The characteristic tree here is the mavunda, Cryptosepalum exfoliatum pseudotaxus - a tall evergreen that gives the forest its scientific alias, Zambezian Cryptosepalum dry forest. The mavunda hold their leaves through the long dry season, depending on deep roots to reach water the sand does not keep. Around them grow miombo relatives - Brachystegia spiciformis, Brachystegia longifolia, Brachystegia floribunda - along with mopane (Colophospermum mopane), highland waterberry (Syzygium guineense afromontanum), Bersama abyssinica, Erythrophleum africanum, and Combretum elaeagnoides. In the denser stands, the overlapping canopy keeps light levels low enough for mosses to carpet the forest floor - an unusual sight in a region of high evaporation and strong seasonal sun. Creepers and shrub thickets fill in the middle story, creating the dense interior that gives the forest its tropical character.

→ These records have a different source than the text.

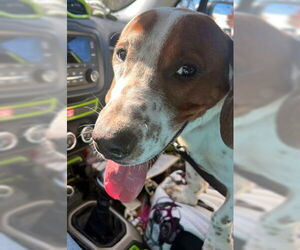 Basset Hound-Unknown Mix Dogs for adoption in Deepwater, NJ, USA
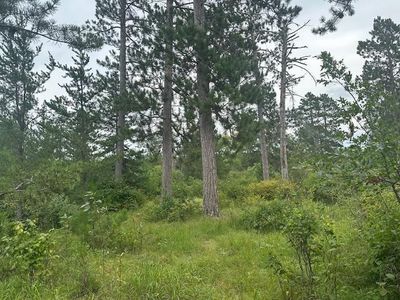 Memorial Ln NW, Bemidji, MN, 56601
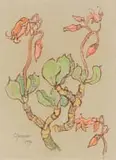 Gregoire Boonzaier, Flowering Pig's Ear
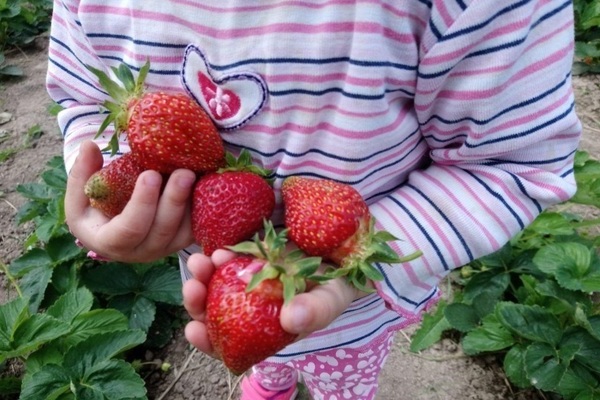 Strawberry Festivalnaya: larawan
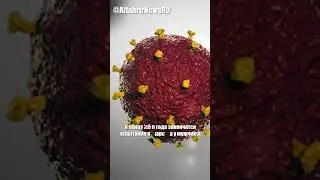 Лекарство от ВИЧ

The forest is modest in mammals - yellow-backed duiker, blue duiker, their predators, bushpigs. The only two endemic species are Rosevear's striped grass mouse and the white-chested tinkerbird, Pogoniulus makawai. The tinkerbird is the mystery of the ecoregion: it has not been reliably spotted since 1964, and may in fact be an unusual variant of the common yellow-rumped tinkerbird rather than a separate species. Where the forest truly sings, though, is in its wider bird life. Nearly 400 species have been recorded here, including a distinct subspecies of the crested guineafowl (Guttera edouardi kathleenae), Ross's turaco with its flamboyant purple and crimson plumage, Cabanis's greenbul, the olive long-tailed cuckoo, purple-throated cuckoo-shrike, Boulton's batis, the African crested-flycatcher, common square-tailed drongo, black-fronted bushshrike, Perrin's bushshrike, olive sunbird, forest weaver, and black-tailed waxbill. For bird-focused visitors willing to make the long drive into Barotseland, few places in Southern Africa offer this density of specialty species in so little-visited a landscape.
These forests have survived largely because nobody wanted them. The sandy soil supports scarcely any agriculture. Surface water is limited, making permanent settlement difficult. The combination has left the ecoregion fairly undisturbed, with poaching of wildlife the main ongoing pressure. More formal conservation has built up gradually; 23.21 percent of the ecoregion sits within protected areas, including Kafue National Park - Zambia's largest - and West Lunga National Park, along with the Chibwika Ntambu, Chizera, Lukwakwa, and West Zambezi game management areas, and the Chavuma, Kasesi, Mambwe, and Namboma forest reserves. What remains outside these boundaries is still largely intact, kept as it was by the very characteristics that make it poor for human use. The mavunda stands remain one of the least-studied major forests in Africa, and researchers note that more work is needed on both the flora and fauna of the region - the ecoregion still holds its secrets with the privacy of a place few people have bothered to catalog.
Zambezian evergreen dry forests. Core region near 12.97°S, 24.05°E, western Zambia and adjacent Angola at 1,100-1,200 m elevation. Nearest airports: Solwezi (FLSW) and Mwinilunga (FLMG). Recommended altitude 8,000-15,000 ft. Look for darker forest patches against surrounding miombo woodland and grassland mosaics; the Kabompo River drainage is the main landscape reference.